* [Data listing]:
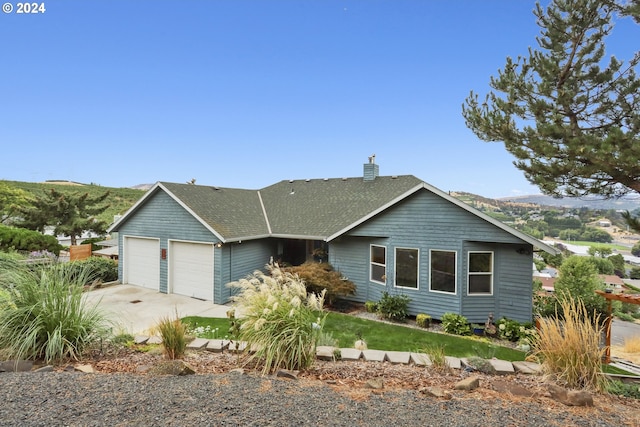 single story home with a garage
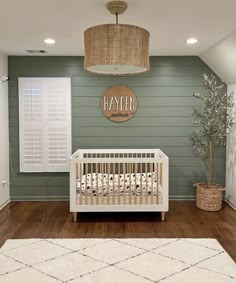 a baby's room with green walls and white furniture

--

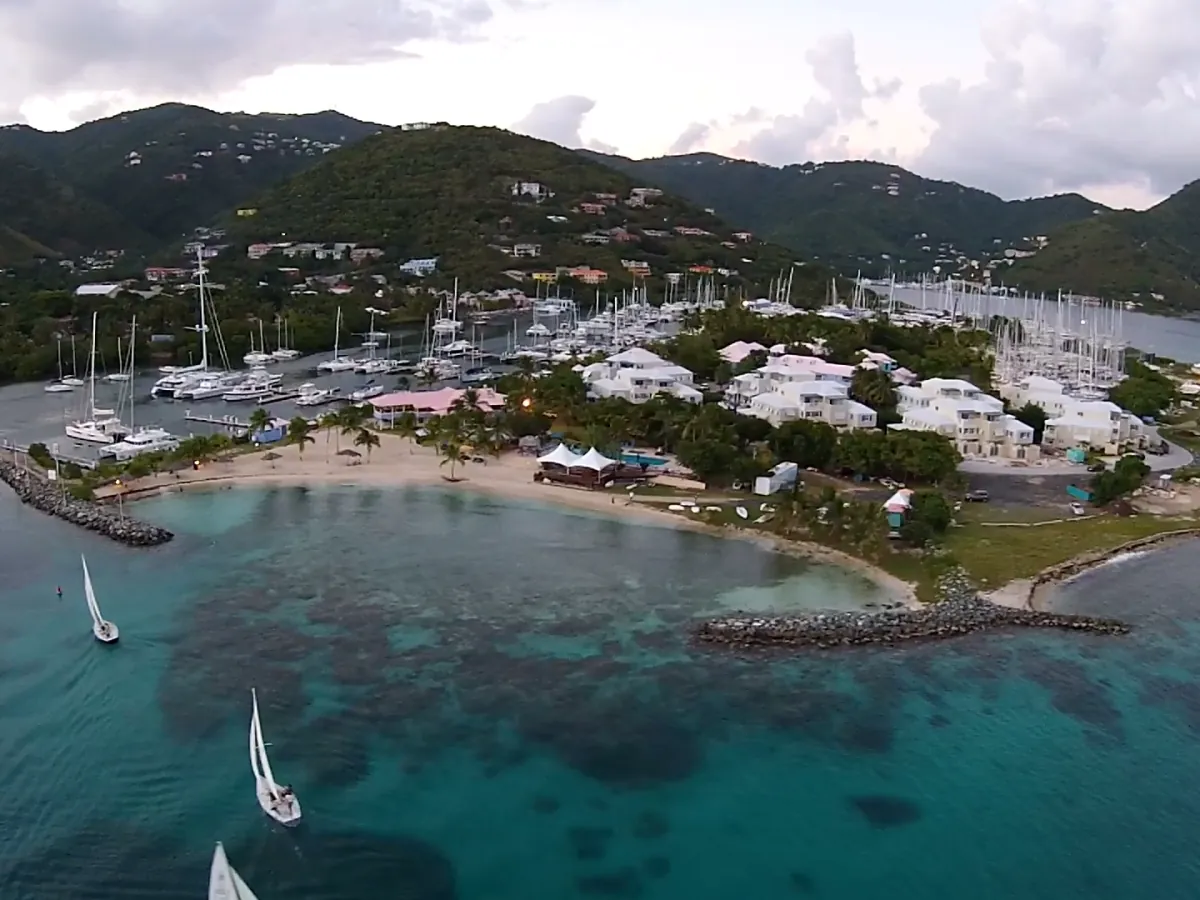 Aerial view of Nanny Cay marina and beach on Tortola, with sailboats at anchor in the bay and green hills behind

* * *

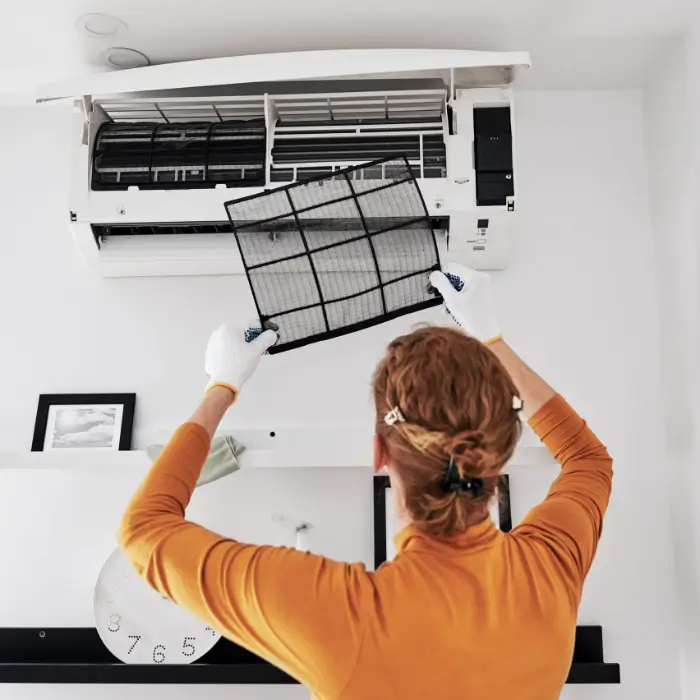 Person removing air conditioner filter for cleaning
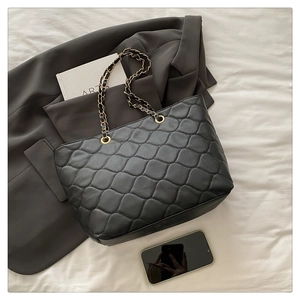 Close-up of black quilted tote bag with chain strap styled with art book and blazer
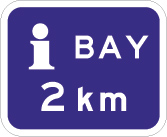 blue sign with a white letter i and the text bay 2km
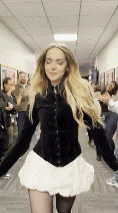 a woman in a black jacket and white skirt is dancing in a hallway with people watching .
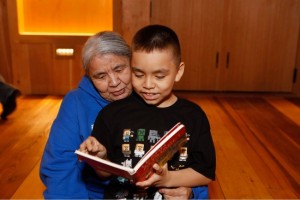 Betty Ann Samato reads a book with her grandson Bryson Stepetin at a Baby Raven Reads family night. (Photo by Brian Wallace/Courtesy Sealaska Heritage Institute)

* [Assignment]:
Print the part of the listing above that opens with the line containing "Close-up of black" and closes with the line containing "Betty Ann Samato". Copy it exactly, both ends included, and omit the pictures.

* [Expected answer]:
 Close-up of black quilted tote bag with chain strap styled with art book and blazer
 blue sign with a white letter i and the text bay 2km
 a woman in a black jacket and white skirt is dancing in a hallway with people watching .
 Betty Ann Samato reads a book with her grandson Bryson Stepetin at a Baby Raven Reads family night. (Photo by Brian Wallace/Courtesy Sealaska Heritage Institute)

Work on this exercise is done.